== Segment start ==

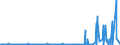 CN 2830 /Exports /Unit = Prices (Euro/ton) /Partner: Tunisia /Reporter: Eur27_2020 /2830:Sulphides; Polysulphides, Whether or not Chemically Defined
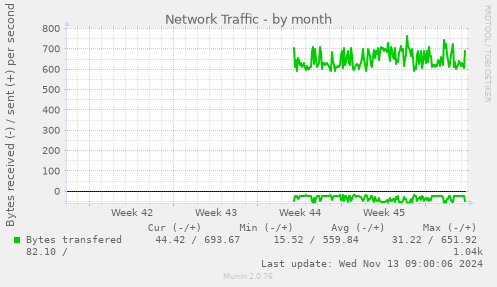 Network Traffic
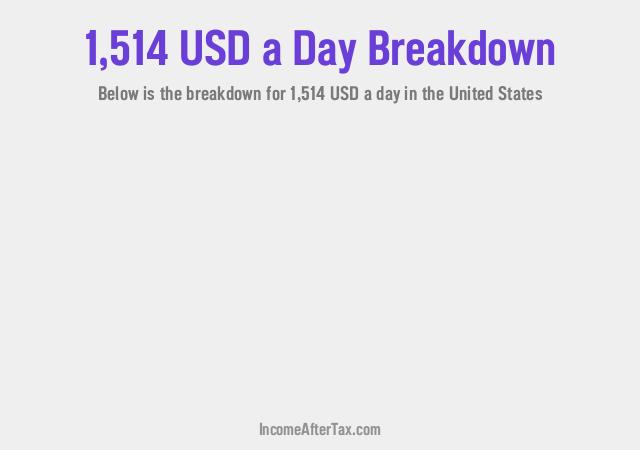 How much is $1,514 a Day After Tax in the United States?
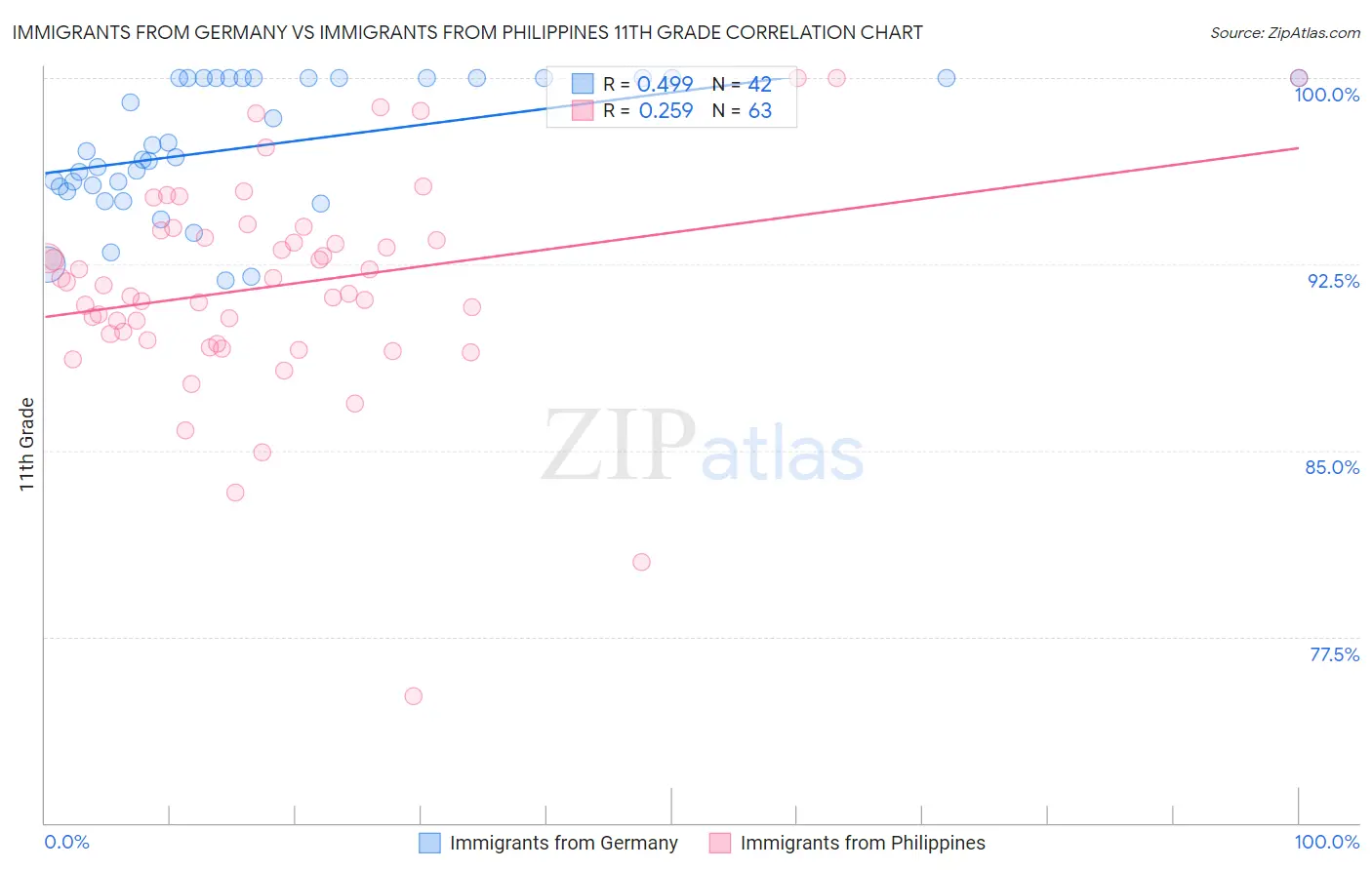Immigrants from Germany vs Immigrants from Philippines 11th Grade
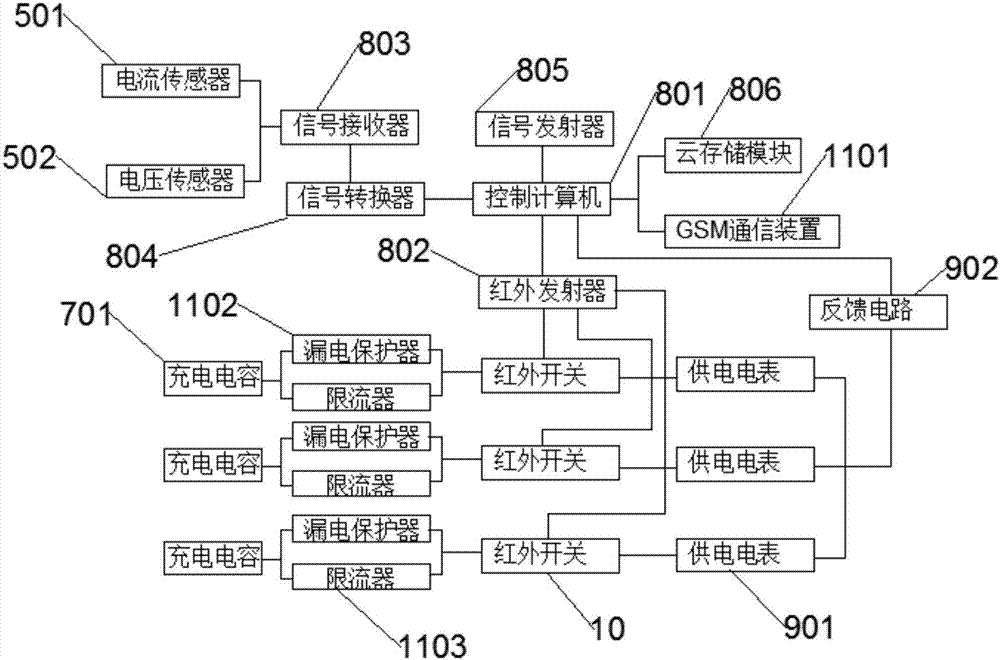 一種風(fēng)力發(fā)電儲能系統(tǒng)的制造方法與工藝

== Segment end ==

▸ WORK REQUIRED: What you write should match, word for word, the lines from the one containing "Network Traffic" to the end of the listing, with both ends kept and the pictures left out.

▸ RESPONSE BELOW:
 Network Traffic
 How much is $1,514 a Day After Tax in the United States?
Immigrants from Germany vs Immigrants from Philippines 11th Grade
 一種風(fēng)力發(fā)電儲能系統(tǒng)的制造方法與工藝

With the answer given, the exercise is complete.